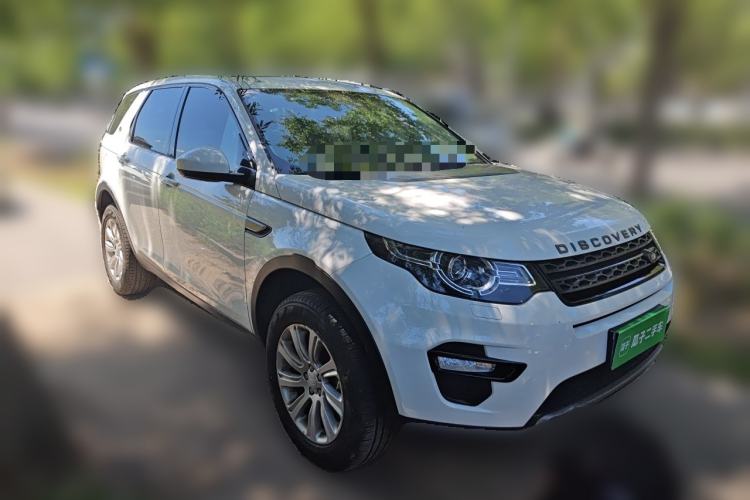 Used Land Rover Discovery Sport 2018 240 PS SE Version Front Right 45 Deg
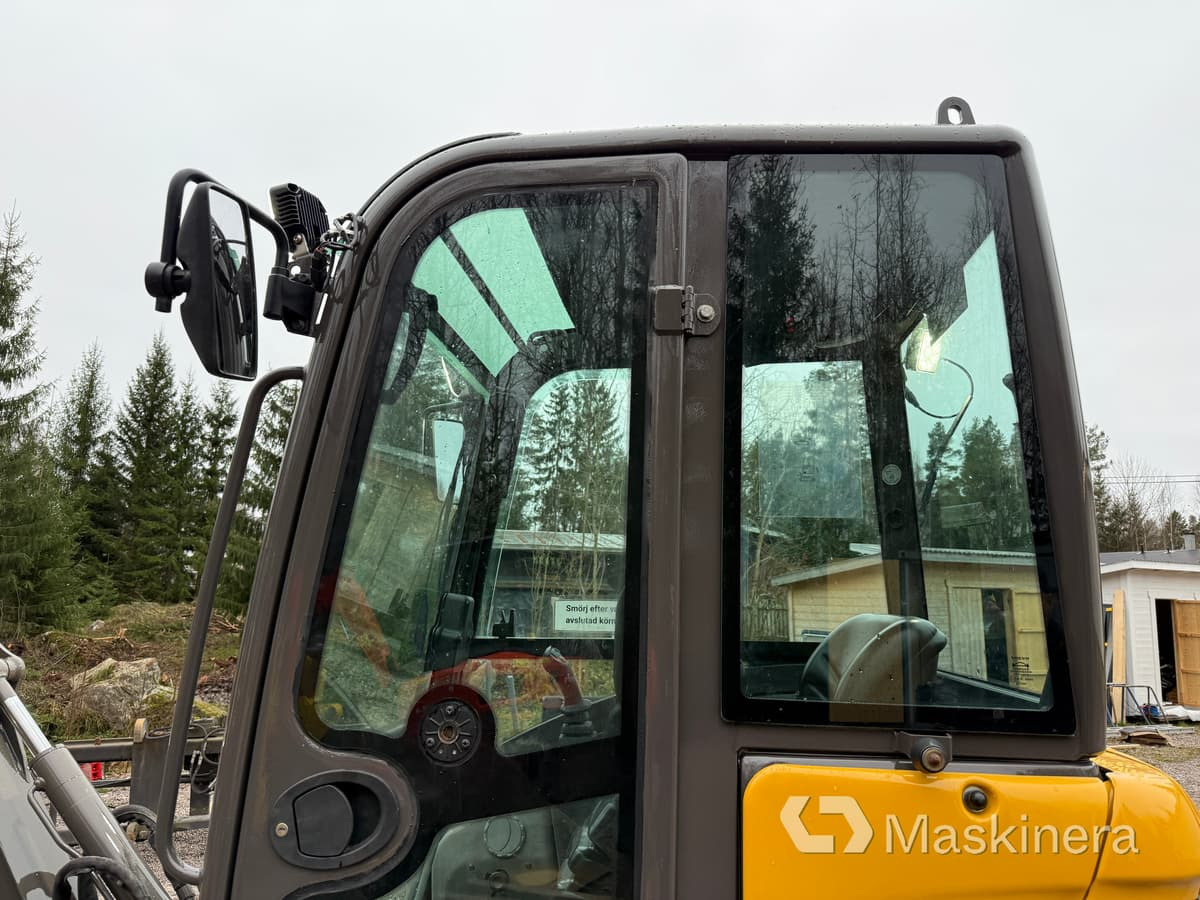 Bager guseničar Grävmaskin Volvo EC18C med redskap: slika 33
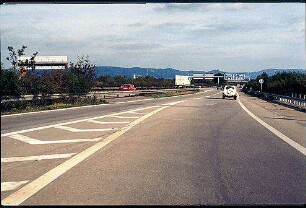 Ausfahrt aus Tangente Südost (Mannheim-Neckarau Richtung Heidelberg) zu Nebenfahrbahn Süd (Mannheim Richtung Heidelberg)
☆ ☆ ☆
### Exercise objective
Copy all the material exactly; omit images.

### The answer
 Used Land Rover Discovery Sport 2018 240 PS SE Version Front Right 45 Deg
 Bager guseničar Grävmaskin Volvo EC18C med redskap: slika 33
 Ausfahrt aus Tangente Südost (Mannheim-Neckarau Richtung Heidelberg) zu Nebenfahrbahn Süd (Mannheim Richtung Heidelberg)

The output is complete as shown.